🤖 AI Summary
Large-scale disasters (e.g., pandemics) severely undermine healthcare system resilience, particularly through regional imbalances in bed capacity, workforce, and medical supplies. Existing studies predominantly focus on aggregate system-level outcomes, overlooking the critical buffering role of inter-regional coordination. Method: Leveraging billions of electronic health records, we construct a nationwide patient mobility network and propose—firstly—the metric “healthcare system absorptivity”: the network’s capacity to dynamically redistribute patients and alleviate localized strain. We integrate complex network modeling with a dynamic flow assessment framework under crisis conditions.
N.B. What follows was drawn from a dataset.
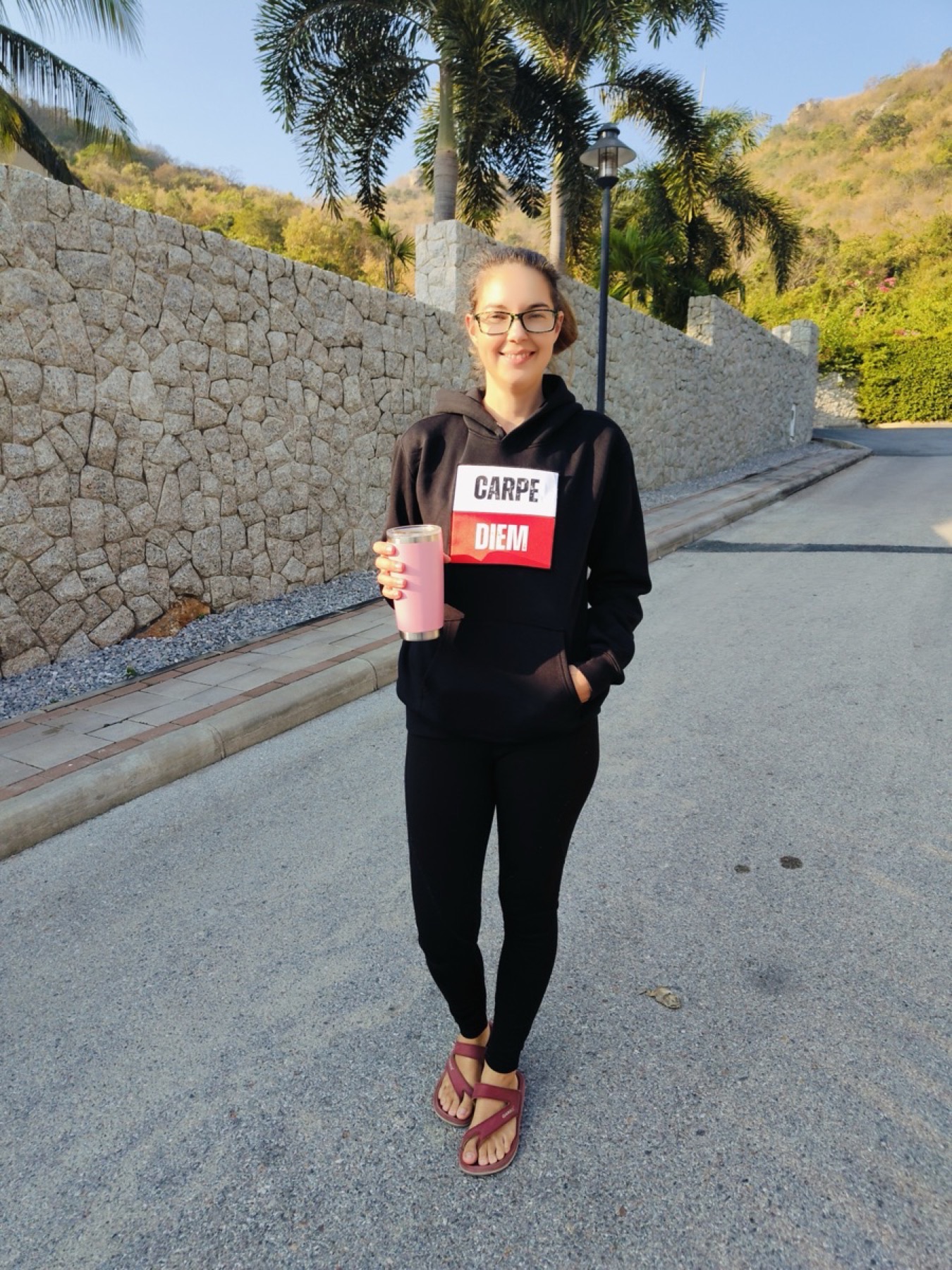 Madeleine Lemke, co-founder of ENYOUGH, wearing the Carpe Diem hoodie on a quiet road outside Bangkok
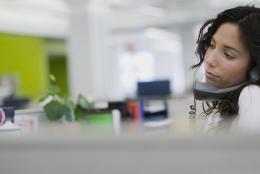 A picture of a reporter on the phone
Contribution/Results: During the COVID-19 pandemic, inter-regional patient mobility increased by 3.89%, yielding an average absorptivity of 0.21—10% higher than pre-pandemic levels. Networks exhibiting high connectivity and structural heterogeneity further enhanced resilience by up to 10%. These findings empirically validate optimized inter-regional patient flow as an effective strategy for strengthening healthcare system resilience.
📝 Abstract
Disasters, such as the recent COVID-19 pandemic, impose recurrent and heterogeneous stress on healthcare systems, necessitating the redistribution of stress to enhance healthcare resilience. However, existing studies have been hindered by limited datasets and approaches for assessing its absorptive capacity - defined as the system's ability to absorb stress by redistributing patient flows. This study addresses this gap by analyzing patient flow networks constructed from billions of electronic medical records and introducing an approach to quantify network absorptivity under crisis conditions. Our analysis of U.S. healthcare systems reveals that during the COVID-19 pandemic, cross-regional patient flows increased by 3.89%, a 0.90% rise from pre-pandemic levels. The networks exhibited an average absorptivity of 0.21, representing a 10% increase over pre-pandemic conditions. Flow networks with higher connectivity and heterogeneity showed a greater capacity to alleviate system burdens. These empirical and analytical insights underscore the critical role of proactive patient flow management in strengthening healthcare resilience during crises.